The problem is as follows.
(i) $P$ be a point not on the line $L$ that passes through the points $Q$ and $R$. Show that the distance $d$ from the point $P$ to the line $L$ is
$$d = \frac{\|\vec{a}\times\vec{b}\|}{\|\vec{b}\|}$$
where $\vec{a}=\vec{QR}$ and $\vec{b}=\vec{QP}$.
(ii) Use this formula to find the distance from the point $(-2,3)$ to the line $3x-4y+5=0$.
My calculations for (i) are as follows.
Let $\theta$ be the angle between $\vec{a}$ and $\vec{b}$.
$$\sin{\theta} = \frac{d}{\|\vec{b}\|}$$
$$d = \|\vec{b}\|\sin{\theta} = \frac{\|\vec{a}\|\|\vec{b}\|\sin{\theta}}{\|\vec{a}\|} = \frac{\|\vec{a}\times\vec{b}\|}{\|\vec{a}\|}$$
This value for $d$ is different from the value given in the problem. Have I made a calculatory mistake or is the problem's assertion incorrect?
Secondly, I don't understand (ii). Is the cross product possible for 2-dimensional vectors? If so, how is it calculated? And if it isn't, does this problem have to be solved using $d = \|\vec{b}\|\sin{\theta}$ or is there another method? Thanks in advance.
About i) You are in fact correct, as can easily be verified using by example.
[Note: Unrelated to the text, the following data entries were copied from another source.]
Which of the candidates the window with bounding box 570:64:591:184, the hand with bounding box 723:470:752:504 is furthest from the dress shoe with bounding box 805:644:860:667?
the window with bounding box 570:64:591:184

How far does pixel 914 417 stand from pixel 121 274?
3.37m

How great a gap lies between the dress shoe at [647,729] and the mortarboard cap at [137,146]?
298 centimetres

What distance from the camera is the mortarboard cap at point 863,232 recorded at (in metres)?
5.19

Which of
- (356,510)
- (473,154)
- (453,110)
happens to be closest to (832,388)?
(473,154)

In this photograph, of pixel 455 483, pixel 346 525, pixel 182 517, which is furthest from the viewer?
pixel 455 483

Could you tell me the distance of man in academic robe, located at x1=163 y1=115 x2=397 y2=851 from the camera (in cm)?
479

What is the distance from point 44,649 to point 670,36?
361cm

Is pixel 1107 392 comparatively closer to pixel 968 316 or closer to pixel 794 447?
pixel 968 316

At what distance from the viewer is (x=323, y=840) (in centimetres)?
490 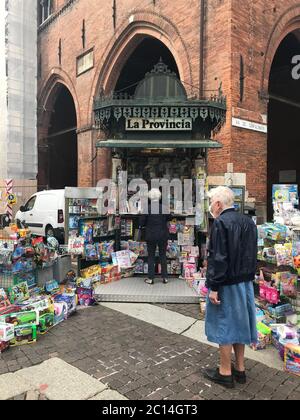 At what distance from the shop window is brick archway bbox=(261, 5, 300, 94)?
480 inches

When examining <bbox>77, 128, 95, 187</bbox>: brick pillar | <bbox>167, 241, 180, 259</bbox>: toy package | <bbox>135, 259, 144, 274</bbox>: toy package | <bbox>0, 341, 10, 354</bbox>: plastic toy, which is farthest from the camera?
<bbox>77, 128, 95, 187</bbox>: brick pillar

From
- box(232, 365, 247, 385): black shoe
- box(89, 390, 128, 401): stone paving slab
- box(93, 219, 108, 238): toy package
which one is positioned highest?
box(93, 219, 108, 238): toy package

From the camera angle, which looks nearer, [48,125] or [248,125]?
[248,125]

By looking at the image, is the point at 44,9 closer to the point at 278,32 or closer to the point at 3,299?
the point at 278,32

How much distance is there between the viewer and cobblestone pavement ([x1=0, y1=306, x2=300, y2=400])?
10.5 ft

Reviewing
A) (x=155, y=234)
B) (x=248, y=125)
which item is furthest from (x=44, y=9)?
(x=155, y=234)

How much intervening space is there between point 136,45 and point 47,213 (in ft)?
23.0

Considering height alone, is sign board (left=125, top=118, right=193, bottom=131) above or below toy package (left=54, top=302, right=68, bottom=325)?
above

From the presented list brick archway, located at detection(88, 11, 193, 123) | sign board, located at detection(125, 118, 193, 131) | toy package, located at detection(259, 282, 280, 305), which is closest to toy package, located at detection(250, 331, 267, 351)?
toy package, located at detection(259, 282, 280, 305)

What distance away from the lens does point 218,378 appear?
10.8 ft

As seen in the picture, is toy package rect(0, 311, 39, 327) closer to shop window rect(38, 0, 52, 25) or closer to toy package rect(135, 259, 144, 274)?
toy package rect(135, 259, 144, 274)

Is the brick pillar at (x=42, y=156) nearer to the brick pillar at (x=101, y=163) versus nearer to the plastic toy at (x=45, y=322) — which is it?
the brick pillar at (x=101, y=163)

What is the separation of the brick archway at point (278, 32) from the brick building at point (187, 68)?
0.03 metres

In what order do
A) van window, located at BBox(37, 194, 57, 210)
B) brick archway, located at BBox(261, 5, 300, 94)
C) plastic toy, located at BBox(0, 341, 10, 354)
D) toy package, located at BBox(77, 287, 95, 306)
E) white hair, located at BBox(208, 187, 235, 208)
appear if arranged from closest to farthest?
white hair, located at BBox(208, 187, 235, 208)
plastic toy, located at BBox(0, 341, 10, 354)
toy package, located at BBox(77, 287, 95, 306)
brick archway, located at BBox(261, 5, 300, 94)
van window, located at BBox(37, 194, 57, 210)
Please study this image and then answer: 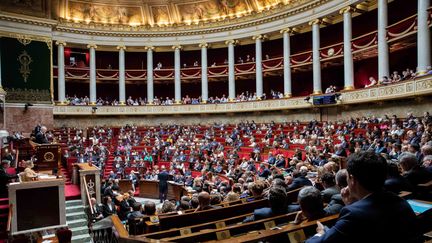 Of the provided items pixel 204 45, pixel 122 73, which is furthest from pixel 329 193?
pixel 122 73

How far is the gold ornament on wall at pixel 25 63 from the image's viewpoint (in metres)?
21.3

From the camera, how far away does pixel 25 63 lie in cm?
2148

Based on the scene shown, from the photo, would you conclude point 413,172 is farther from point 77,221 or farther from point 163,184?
point 163,184

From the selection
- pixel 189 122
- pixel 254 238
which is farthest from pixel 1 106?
pixel 254 238

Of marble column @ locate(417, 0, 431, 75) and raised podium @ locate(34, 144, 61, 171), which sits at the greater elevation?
marble column @ locate(417, 0, 431, 75)

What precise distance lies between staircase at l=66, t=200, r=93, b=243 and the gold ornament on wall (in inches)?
595

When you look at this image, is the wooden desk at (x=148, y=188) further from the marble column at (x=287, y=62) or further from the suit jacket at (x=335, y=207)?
the marble column at (x=287, y=62)

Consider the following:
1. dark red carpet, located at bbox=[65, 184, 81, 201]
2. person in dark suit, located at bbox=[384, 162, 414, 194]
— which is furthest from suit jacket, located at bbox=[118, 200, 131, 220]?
person in dark suit, located at bbox=[384, 162, 414, 194]

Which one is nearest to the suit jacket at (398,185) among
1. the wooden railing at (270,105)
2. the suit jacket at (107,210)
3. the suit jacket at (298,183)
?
the suit jacket at (298,183)

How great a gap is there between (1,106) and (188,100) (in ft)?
52.0

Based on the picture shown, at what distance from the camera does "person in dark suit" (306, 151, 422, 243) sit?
1.78m

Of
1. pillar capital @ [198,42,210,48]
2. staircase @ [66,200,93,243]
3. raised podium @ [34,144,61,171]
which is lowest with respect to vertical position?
staircase @ [66,200,93,243]

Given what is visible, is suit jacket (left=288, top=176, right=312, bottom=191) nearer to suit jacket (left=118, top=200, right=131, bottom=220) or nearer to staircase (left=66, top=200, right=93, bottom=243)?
suit jacket (left=118, top=200, right=131, bottom=220)

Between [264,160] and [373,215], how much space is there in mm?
14137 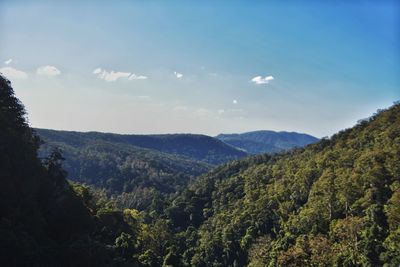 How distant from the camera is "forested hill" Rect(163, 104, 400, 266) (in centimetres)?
5381

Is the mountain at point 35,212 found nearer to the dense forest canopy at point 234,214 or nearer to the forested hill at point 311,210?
the dense forest canopy at point 234,214

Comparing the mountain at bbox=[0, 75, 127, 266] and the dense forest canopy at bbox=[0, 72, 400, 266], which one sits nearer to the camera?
the mountain at bbox=[0, 75, 127, 266]

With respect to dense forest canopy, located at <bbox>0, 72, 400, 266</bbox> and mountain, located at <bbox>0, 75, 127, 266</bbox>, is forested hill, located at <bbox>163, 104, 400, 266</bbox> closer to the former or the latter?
dense forest canopy, located at <bbox>0, 72, 400, 266</bbox>

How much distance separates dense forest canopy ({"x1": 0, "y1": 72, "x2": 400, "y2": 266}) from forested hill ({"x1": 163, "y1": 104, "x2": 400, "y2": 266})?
180mm

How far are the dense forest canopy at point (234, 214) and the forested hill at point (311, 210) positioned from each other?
0.18 meters

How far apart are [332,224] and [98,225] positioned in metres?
34.7

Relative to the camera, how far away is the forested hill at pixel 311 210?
53.8m

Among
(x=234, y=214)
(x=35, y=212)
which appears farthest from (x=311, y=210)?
(x=35, y=212)

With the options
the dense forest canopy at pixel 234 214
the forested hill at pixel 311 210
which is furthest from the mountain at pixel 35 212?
the forested hill at pixel 311 210

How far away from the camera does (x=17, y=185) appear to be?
3831 cm

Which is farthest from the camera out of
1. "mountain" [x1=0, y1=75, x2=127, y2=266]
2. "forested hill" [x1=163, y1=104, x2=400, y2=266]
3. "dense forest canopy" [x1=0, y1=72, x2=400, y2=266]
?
"forested hill" [x1=163, y1=104, x2=400, y2=266]

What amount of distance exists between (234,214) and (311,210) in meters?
24.2

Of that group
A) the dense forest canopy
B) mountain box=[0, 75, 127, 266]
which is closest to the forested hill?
the dense forest canopy

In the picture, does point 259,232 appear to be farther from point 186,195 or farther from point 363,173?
point 186,195
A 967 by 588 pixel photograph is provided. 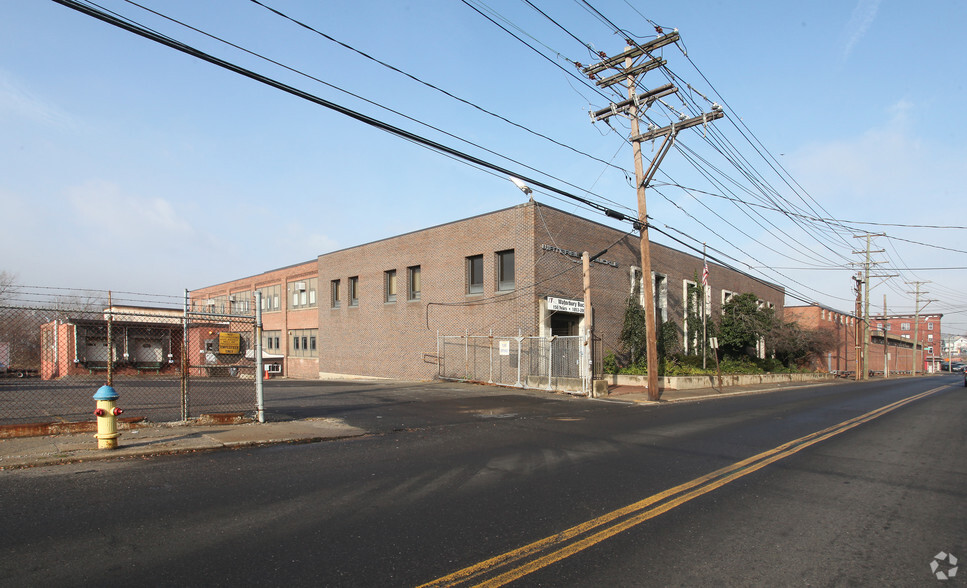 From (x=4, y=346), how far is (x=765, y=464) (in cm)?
1235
About ii) In fact the cross product is usually defined on $\mathbb R^3$, but it has an equivalent in $\mathbb R^n$ for $n\geq 2$. For $n=2$ this is simply the map $(x,y)\to(y,-x)$. But you can simply embed the problem into $\mathbb R^3$ by setting a $z$ value to $0$ (obviously this does then not affect the distance).